Generazioni diverse, storie, punti di vista che raramente trovano lo spazio per dialogare. Un mosaico umano che ha restituito l’immagine di una Reggio complessa, viva, ma attraversata da contraddizioni profonde.
Una città raccontata attraverso storie di partenze e di ritorni, desiderati o mancati. Testimonianze di ventenni che sognano di tornare, o di restare, ma che si scontrano con una realtà economica povera di opportunità. La mancanza di un’offerta privata solida e strutturata rende spesso impossibile trasformare il desiderio in scelta concreta, costringendo molti giovani a cercare altrove il proprio futuro.

Qual è il ruolo dell’informazione? Sul territorio esistono realtà attive, servizi e progetti che però non sono conosciuti, o che faticano a comunicare in modo efficace ciò che offrono. Emerge un’ immagine della città che da un lato prova ad accogliere e dall’altro respinge. Un complesso mosaico composto da dinamiche legate a una mentalità chiusa, poco incline alla cooperazione e alla collaborazione che crea barriere invisibili ma potentissime.
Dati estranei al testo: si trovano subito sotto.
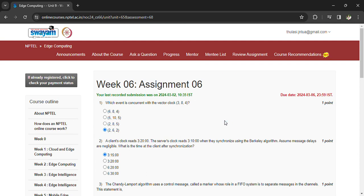Hi, good morning. Welcome back to NPTEL Edge Computing. Coming to Assignment 6 — the last day to submit Assignment 6 is March 6. Coming to the questions: which event is concurrent with the vector clock 384? That is 262.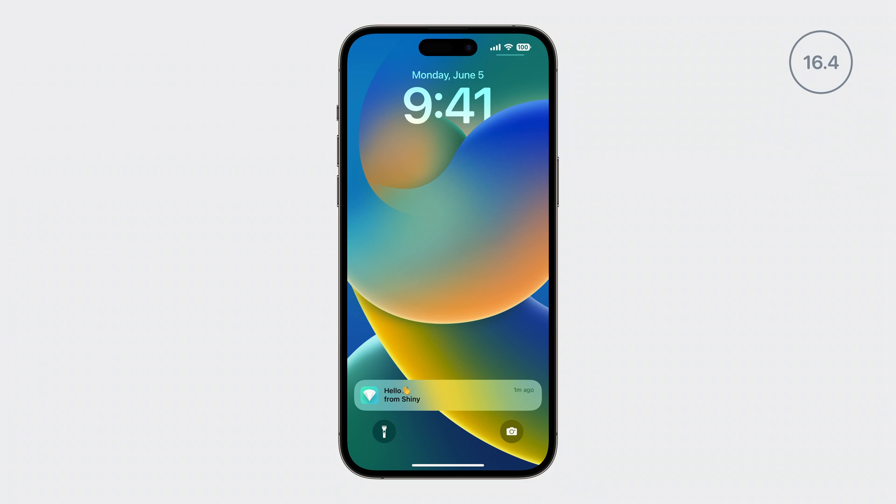In iOS and iPadOS 16.4, we added notifications to home screen web apps using the web push standard with support for badging. We also added API for iOS and iPadOS browsers to adopt add to home screen.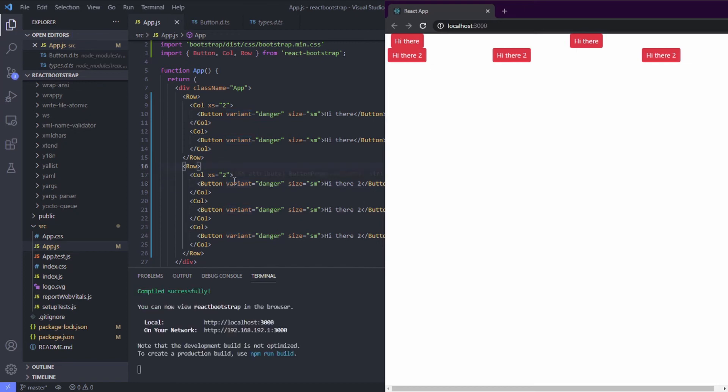Nice, this is why I like React Bootstrap. It's making it easy using the attribute not the class. We can use the class for further styling.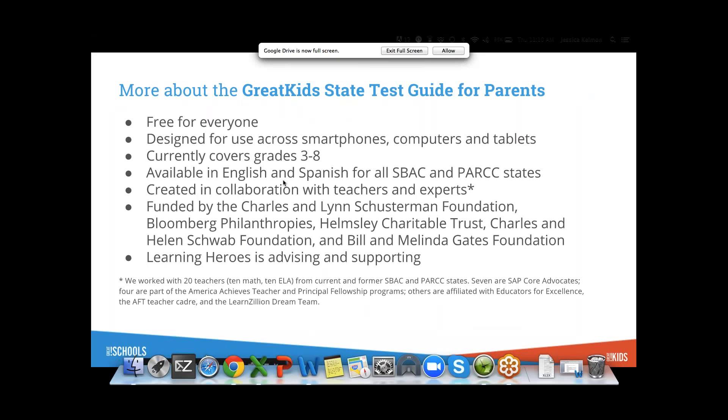We organize them around those claims that parents are getting on their child score reports. However, if you lived in Texas, you could still use this tool. As long as your state has high education standards, these are going to be grade by grade what they're looking for.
Tra gli interventi più significativi, quello di Kento, che ha affrontato senza filtri il divario e lo scontro generazionale. Una nuova generazione arrabbiata, “incazzata”e che ha tutto il diritto di esserlo consci del fatto che saranno proprio i giovani a pagare le conseguenze delle scelte sbagliate, dei ritardi accumulati, di un sistema che troppo spesso non ha saputo guardare lontano.
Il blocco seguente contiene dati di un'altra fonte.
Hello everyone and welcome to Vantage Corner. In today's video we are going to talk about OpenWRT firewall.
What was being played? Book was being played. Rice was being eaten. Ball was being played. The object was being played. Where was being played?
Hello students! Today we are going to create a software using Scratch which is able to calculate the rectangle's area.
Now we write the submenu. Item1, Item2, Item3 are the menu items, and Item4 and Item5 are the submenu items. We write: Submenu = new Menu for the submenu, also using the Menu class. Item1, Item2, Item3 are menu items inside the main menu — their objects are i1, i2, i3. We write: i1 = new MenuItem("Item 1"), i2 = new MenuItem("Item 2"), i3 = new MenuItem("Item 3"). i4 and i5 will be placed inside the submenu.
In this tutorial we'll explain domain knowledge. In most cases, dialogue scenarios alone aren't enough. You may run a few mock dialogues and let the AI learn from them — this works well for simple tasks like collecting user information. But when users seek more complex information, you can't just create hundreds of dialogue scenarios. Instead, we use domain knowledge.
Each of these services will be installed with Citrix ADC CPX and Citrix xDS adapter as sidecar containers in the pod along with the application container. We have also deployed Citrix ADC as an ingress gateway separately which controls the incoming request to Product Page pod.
Dal confronto inoltre sono emerse proposte concrete e visioni possibili: palchi aperti per dare spazio all’espressione artistica, studi di registrazione di quartiere, spazi di coworking accessibili, luoghi in cui creare, incontrarsi, lavorare insieme. Idee che parlano di una città che può diventare laboratorio, se solo decidesse di investire davvero sulle sue energie più giovani.

Tanti i giovani che hanno preso la parola e portato un contributo alla discussione.
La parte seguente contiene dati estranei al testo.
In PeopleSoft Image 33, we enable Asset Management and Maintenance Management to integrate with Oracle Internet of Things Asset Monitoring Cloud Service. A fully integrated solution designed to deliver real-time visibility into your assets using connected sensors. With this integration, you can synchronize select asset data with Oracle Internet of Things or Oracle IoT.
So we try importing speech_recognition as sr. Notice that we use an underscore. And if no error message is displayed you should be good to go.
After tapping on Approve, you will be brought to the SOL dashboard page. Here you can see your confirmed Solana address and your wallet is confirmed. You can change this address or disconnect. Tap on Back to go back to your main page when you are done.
Giuseppe ha sostenuto che amare la città, amare Reggio, essere reggini è qualcosa che i ragazzi portano nel cuore e di cui sono orgogliosi ma questo si scontra con la scarsa offerta lavorativa anche in settori legati al digitale ormai quasi monopolio del nord della penisola. Il nostro territorio sconta ancora l’incapacità di comprendere le potenzialità di questo settore. Spesso le nuove generazioni subiscono lo stigma dei fuggiaschi ma nella realtà scontano spesso l’impossibilità di rimanere in città.

Mario ha ricordato che spesso le nuove possibilità lavorative offerte dal digitale e dalle nuove tecnologie soffrono anche un gap fortissimo con il mondo della formazione universitaria.Giorgio ha posto l’accento sullo scontro generazionale e sull’eredità critica che le passate generazioni stanno cedendo alle nuove.

Federica ha ricordato come ormai la “gavetta” che si protrae per anni sia qualcosa di imposto quasi per tradizione piuttosto che per fine formativo tralasciando il fatto che alcune dinamiche lavorative ormai desuete non sono più valide e creano scarsa stabilità e l’impossibilità di immaginare un futuro.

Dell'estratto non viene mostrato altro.